Ambil satu candidate topic dari sistemmu. Isi ini:

topic: ""
owning_service: ""
record_semantics: "event|command|state-change|changelog"
key: ""
why_this_key: ""
ordering_scope: ""
partitions_initial: 0
partitions_growth_plan: ""
replication_factor: 0
min_insync_replicas: 0
retention_time: ""
retention_size: ""
cleanup_policy: "delete|compact|delete,compact"
estimated_records_per_day: 0
estimated_avg_record_size: ""
estimated_storage: ""
consumer_groups:
  - name: ""
    purpose: ""
    replay_sla: ""
pii_fields: []
schema_compatibility: "backward|forward|full|none"
known_hot_key_risks: []

Kemudian jawab:

Apa satu keputusan yang paling mungkin salah?
Apa failure mode-nya?
Apa metric yang akan mendeteksinya paling awal?

31. Ringkasan

Kafka core architecture sederhana tetapi konsekuensinya dalam.

Invariants:

Topic is logical; partition is physical ordering unit.
Offset is per partition, not global business identity.
Producer writes to partition leader.
Followers replicate leader log.
ISR determines which replicas are sufficiently caught up.
Consumer group parallelism is bounded by partition count.
Retention is independent of consumption.
Replay exists only inside retention window.
Partition key is a correctness decision, not only a distribution decision.

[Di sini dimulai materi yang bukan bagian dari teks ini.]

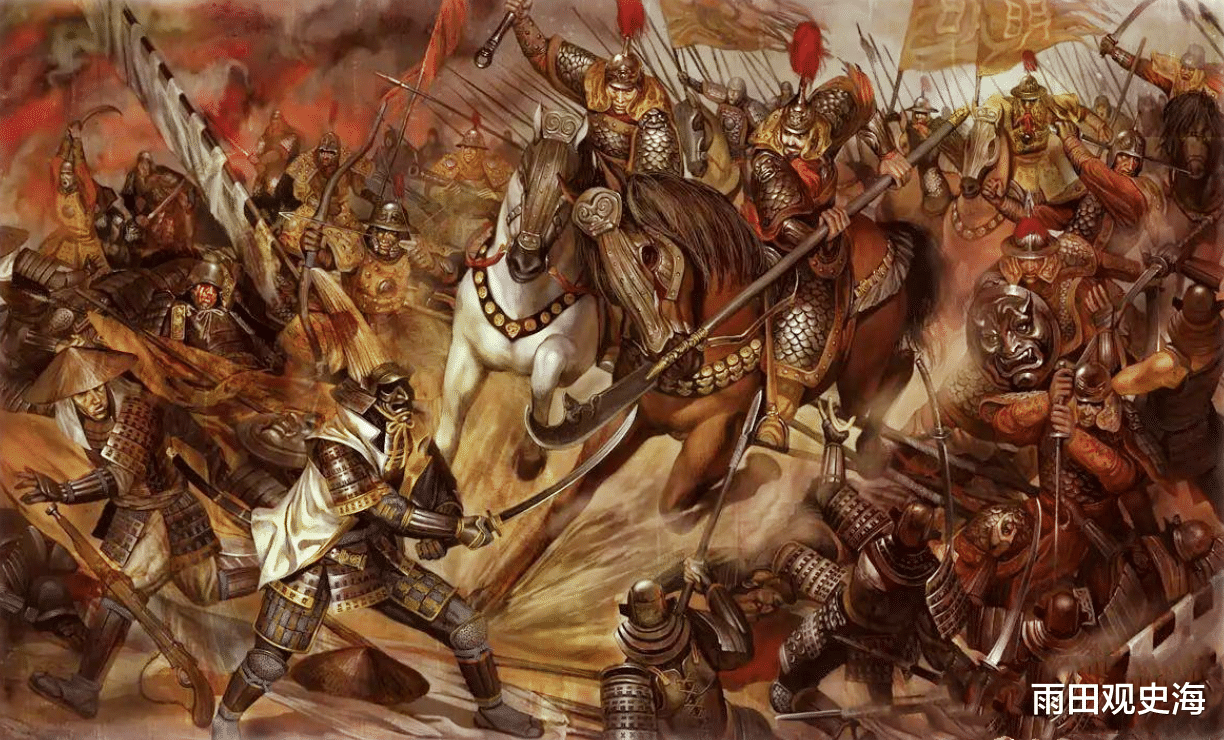 丰臣秀吉|丰臣秀吉入侵朝鲜军队实力如何？嫡系担当主力，9个军团皆是精锐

Setelah memahami bagian ini, Part 017 tentang producer internals akan jauh lebih masuk akal. Producer configs seperti acks, linger.ms, batch.size, compression.type, enable.idempotence, dan delivery.timeout.ms bukan tuning random; semuanya adalah knob yang memengaruhi path dari record aplikasi ke replicated partition log.

Referensi

• Apache Kafka 4.3 documentation — Design, Implementation Log, Distribution, Operations, and Configuration.
• Apache Kafka documentation — producer, consumer, admin, and streams APIs.
• Apache Kafka design notes on log persistence, batching, pull-based consumer model, offsets, replication, ISR, and committed messages.